*WHAT IS EXPECTED*. Reproduce the listing in its entirety. Do not reproduce the pictures.

*RECORD SET*.

******************************

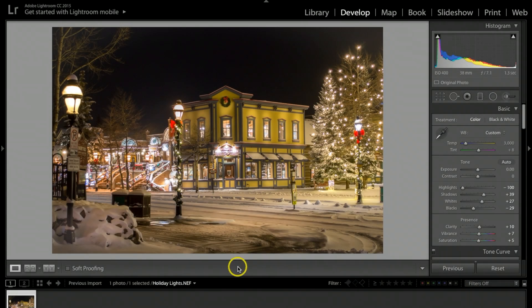Today I want to show you the tips and tricks on how I go about retouching my holiday light photographs. This was done in the old Lightroom CC.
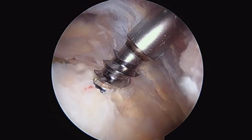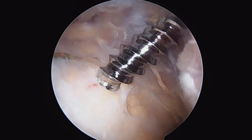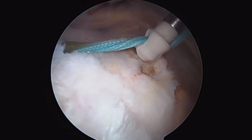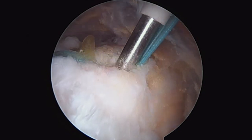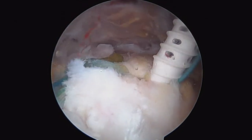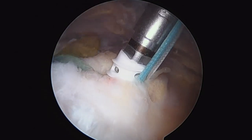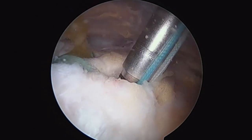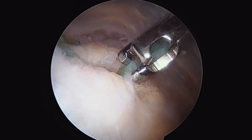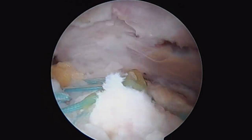This is the tap again for our posterior lateral row anchor. It creates threads for the actual anchor. There's our anchor coming in. Take tension off, find our hole, drop it in there, check our tension — that looks pretty good. The last thing is we cut our suture flush. And then we have a look at our repair.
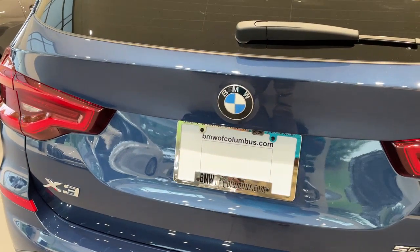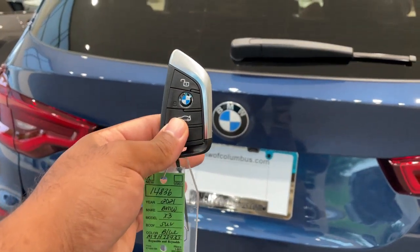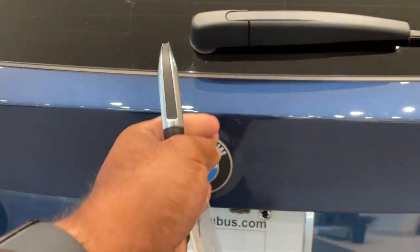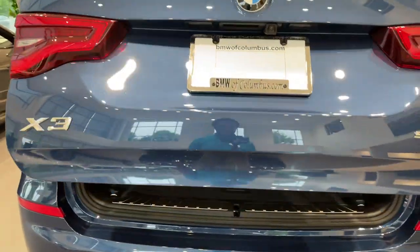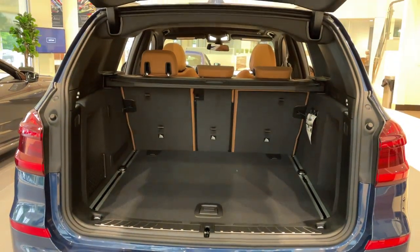Quick little video on how to do the kick-to-open feature for the trunk. First, make sure you have your key fob. Line your kick up smack dab down the center with the BMW emblem — it's a quick kick under and come back to open.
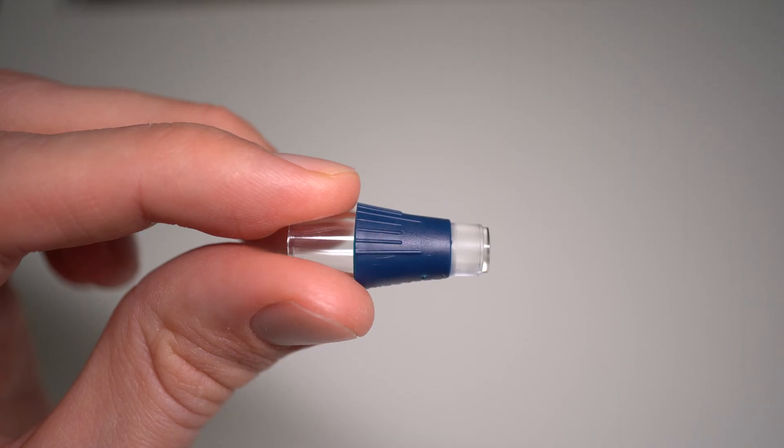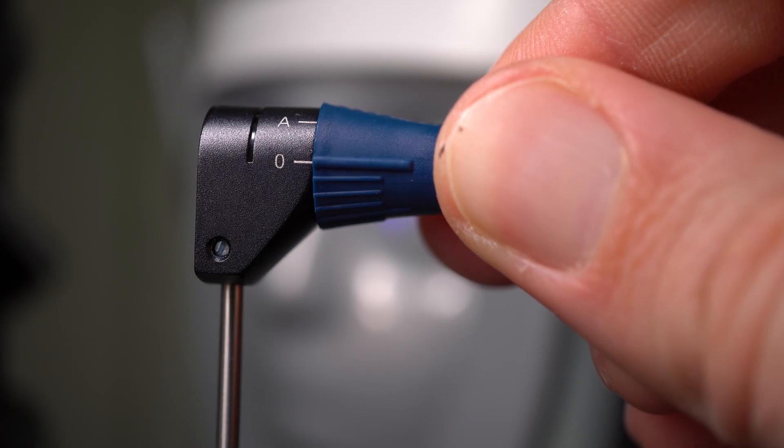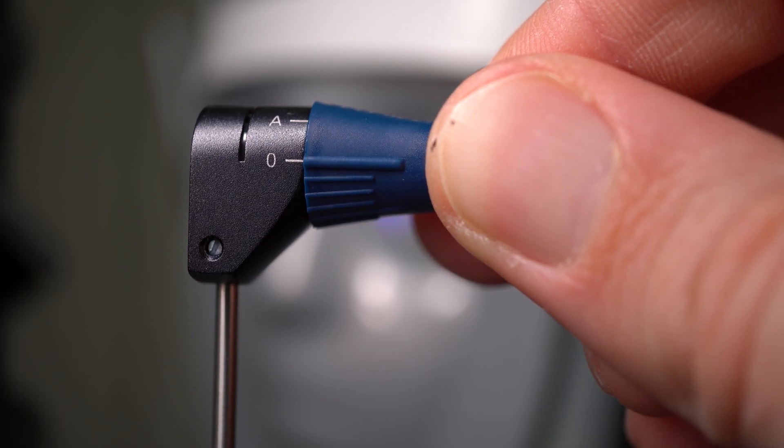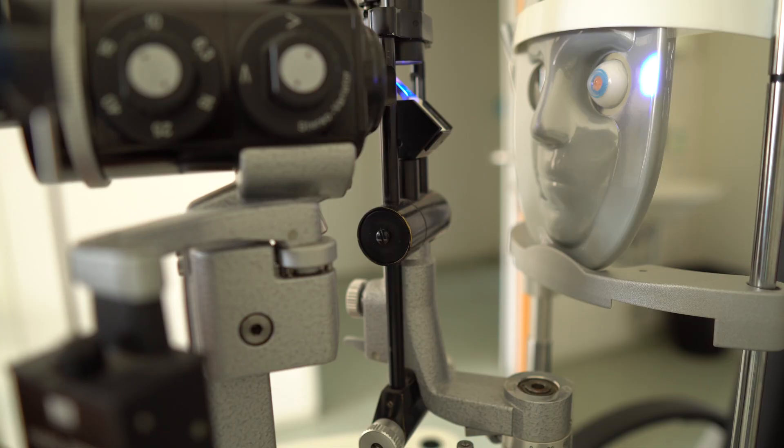Then you're going to take a clean measurement tip. We have single-use tips at our clinic, but if you have the original ones they can be re-sterilized after every patient. Make sure to slide it in correctly so the first engraved line lines up with the white line on the measurement device. The measurement device itself is usually mounted directly to the slit lamp.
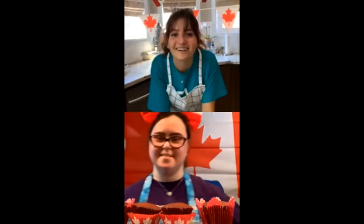I love the decorations so much in Canada. That's beautiful. So how are you? I'm all good. I'm very excited to make these cupcakes.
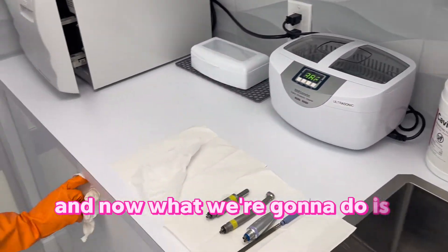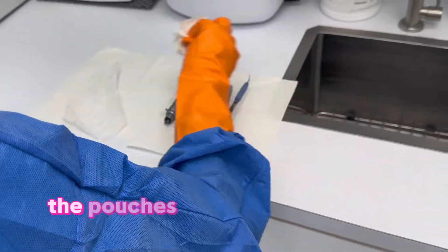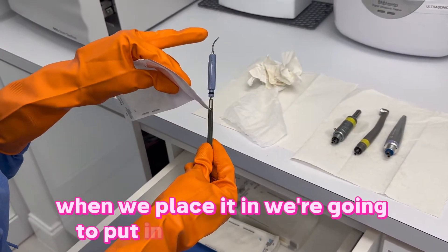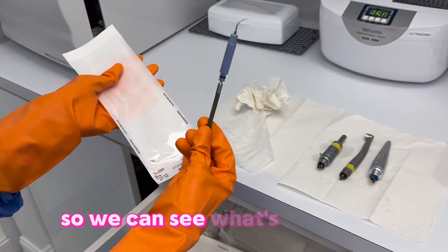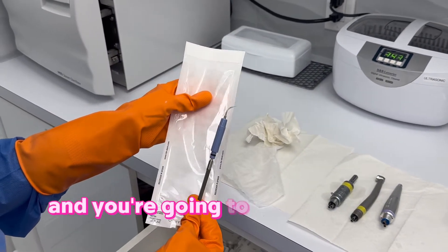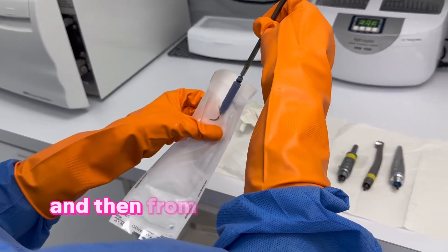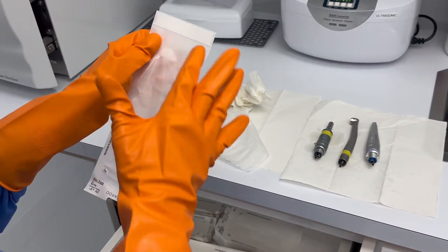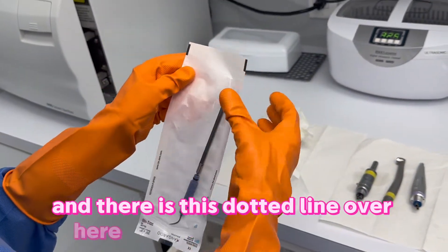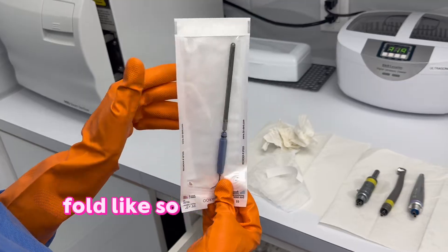Now we're going to bag the instruments. Here are the pouches — the way that we bag is in groups. When we place instruments in we're going to put the working end in first so we can see what's in the bag. To open the pouch, hold it with your left hand and open it with your other hand. Drop the instrument in, then at the dotted line you're going to fold it — that's how you bag your instruments.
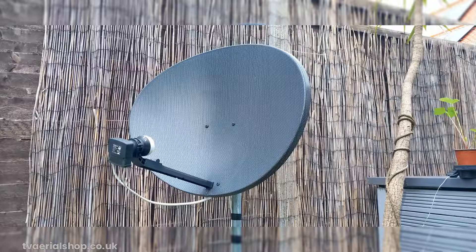Many of us have heard about the huge cost savings and incredible features offered by FreeSat. But what if you already have a SkyQ Satellite Dish with its wideband LNB installed? Can you leverage it for FreeSat viewing? Let's find out.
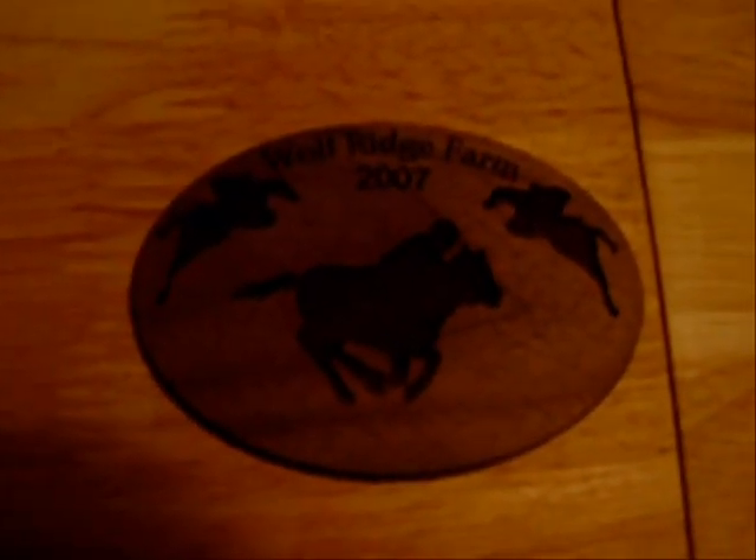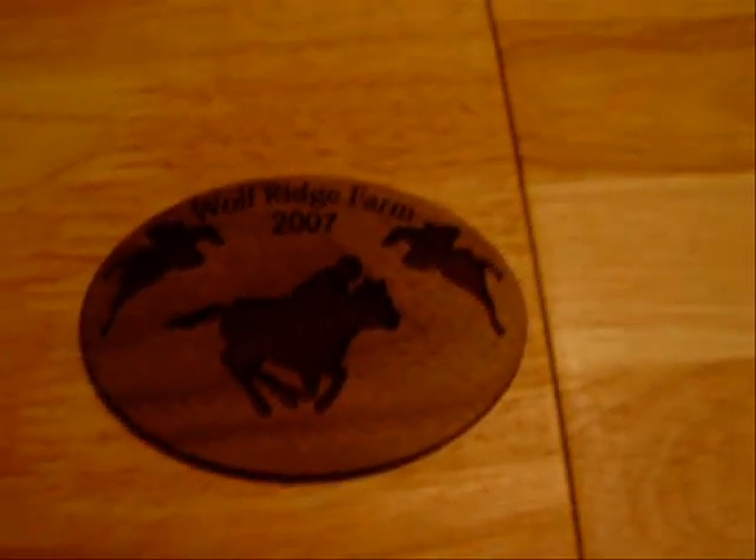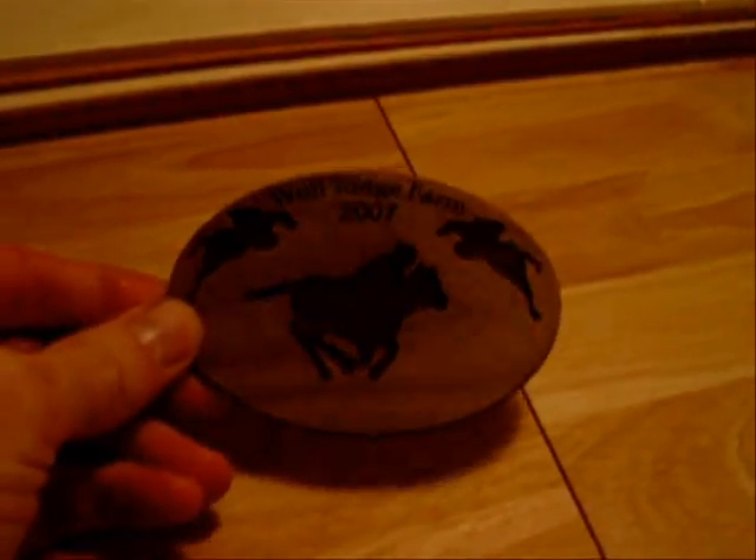All right, this is just a quick demonstration. Essentially what we're making are some Christmas ornaments that look kind of like these. This is just a sample — it's about an eighth inch thick, a piece of walnut. We're going to make them out of a few different types of wood.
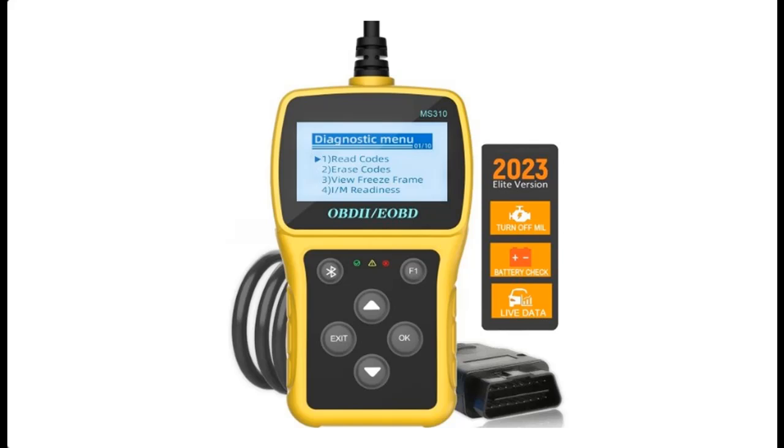Highlight Features and Overview Summary for the JIOAIWER MS310 OBD2 Scanner, Check Engine Fault Code Reader.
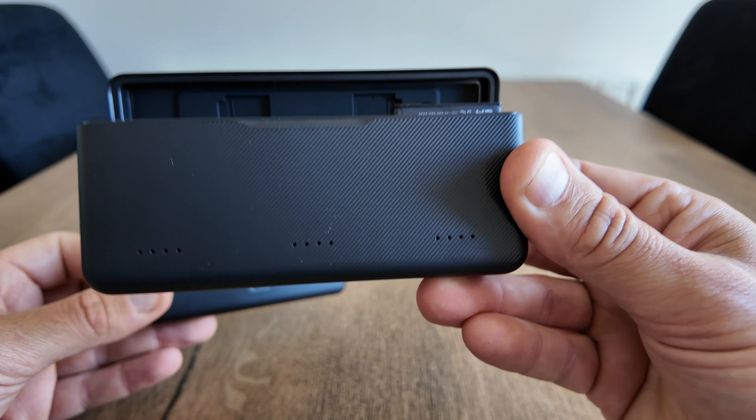If you're thinking of buying this Telsin charging case for the DJI Action 3 or 4, I'll be leaving a link in the description where you'll receive 10 percent off when you enter the coupon code. As always, thanks for watching — be sure to hit that like and subscribe button. Bye for now, see you next time.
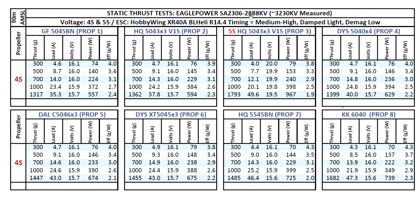The thrust figures are actually more in line with a 2306 2400 kV motor. I think the reason is that the magnets are a little thin, as seen in the teardown, and the air gap is not as tight as in other motors — the distance between the magnet and the stator coil face is somewhat loose. A looser air gap and thinner magnets result in higher kV but lower power output. The figures are very close to the AOK Fly 2306 2400 kV motor, which performs very similarly.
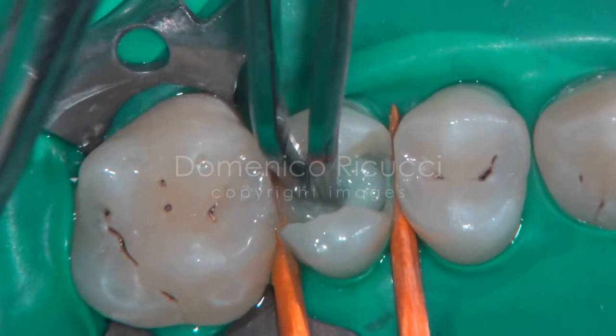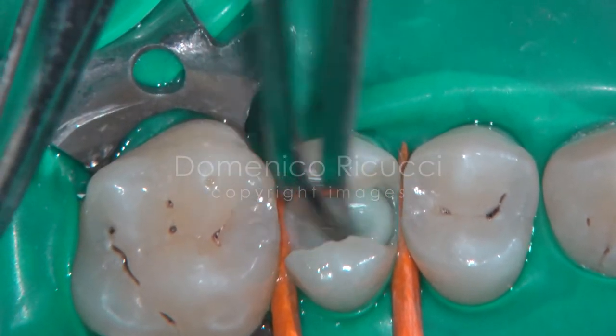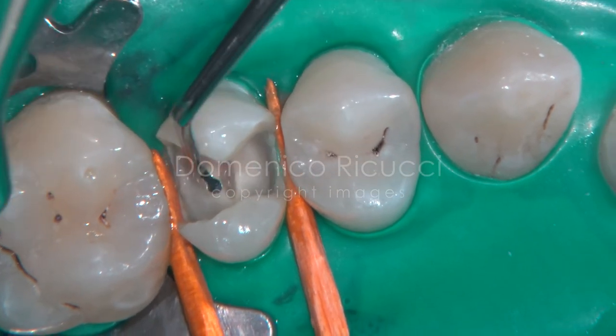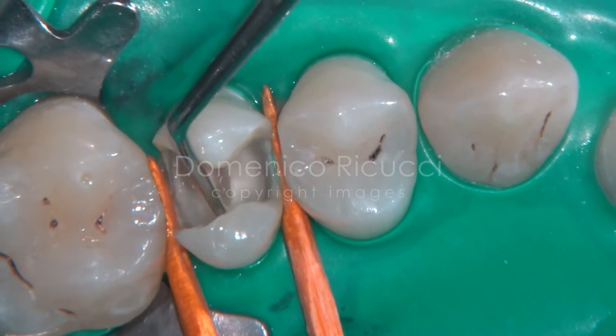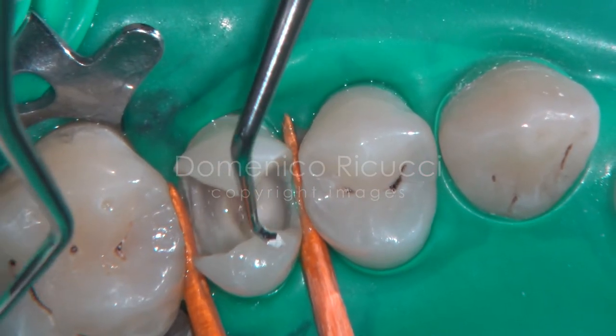The cavity is disinfected with a chlorhexidine solution. Particular care is taken to remove tissue debris from the undercuts. Special micro-excavators are used for this purpose.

******************************

*SOLUTION FOR THIS TASK*.
Today I want to show you the tips and tricks on how I go about retouching my holiday light photographs. This was done in the old Lightroom CC.
This is the tap again for our posterior lateral row anchor. It creates threads for the actual anchor. There's our anchor coming in. Take tension off, find our hole, drop it in there, check our tension — that looks pretty good. The last thing is we cut our suture flush. And then we have a look at our repair.
Quick little video on how to do the kick-to-open feature for the trunk. First, make sure you have your key fob. Line your kick up smack dab down the center with the BMW emblem — it's a quick kick under and come back to open.
Then you're going to take a clean measurement tip. We have single-use tips at our clinic, but if you have the original ones they can be re-sterilized after every patient. Make sure to slide it in correctly so the first engraved line lines up with the white line on the measurement device. The measurement device itself is usually mounted directly to the slit lamp.
I love the decorations so much in Canada. That's beautiful. So how are you? I'm all good. I'm very excited to make these cupcakes.
Now we're going to bag the instruments. Here are the pouches — the way that we bag is in groups. When we place instruments in we're going to put the working end in first so we can see what's in the bag. To open the pouch, hold it with your left hand and open it with your other hand. Drop the instrument in, then at the dotted line you're going to fold it — that's how you bag your instruments.
Many of us have heard about the huge cost savings and incredible features offered by FreeSat. But what if you already have a SkyQ Satellite Dish with its wideband LNB installed? Can you leverage it for FreeSat viewing? Let's find out.
All right, this is just a quick demonstration. Essentially what we're making are some Christmas ornaments that look kind of like these. This is just a sample — it's about an eighth inch thick, a piece of walnut. We're going to make them out of a few different types of wood.
Highlight Features and Overview Summary for the JIOAIWER MS310 OBD2 Scanner, Check Engine Fault Code Reader.
If you're thinking of buying this Telsin charging case for the DJI Action 3 or 4, I'll be leaving a link in the description where you'll receive 10 percent off when you enter the coupon code. As always, thanks for watching — be sure to hit that like and subscribe button. Bye for now, see you next time.
The thrust figures are actually more in line with a 2306 2400 kV motor. I think the reason is that the magnets are a little thin, as seen in the teardown, and the air gap is not as tight as in other motors — the distance between the magnet and the stator coil face is somewhat loose. A looser air gap and thinner magnets result in higher kV but lower power output. The figures are very close to the AOK Fly 2306 2400 kV motor, which performs very similarly.
The cavity is disinfected with a chlorhexidine solution. Particular care is taken to remove tissue debris from the undercuts. Special micro-excavators are used for this purpose.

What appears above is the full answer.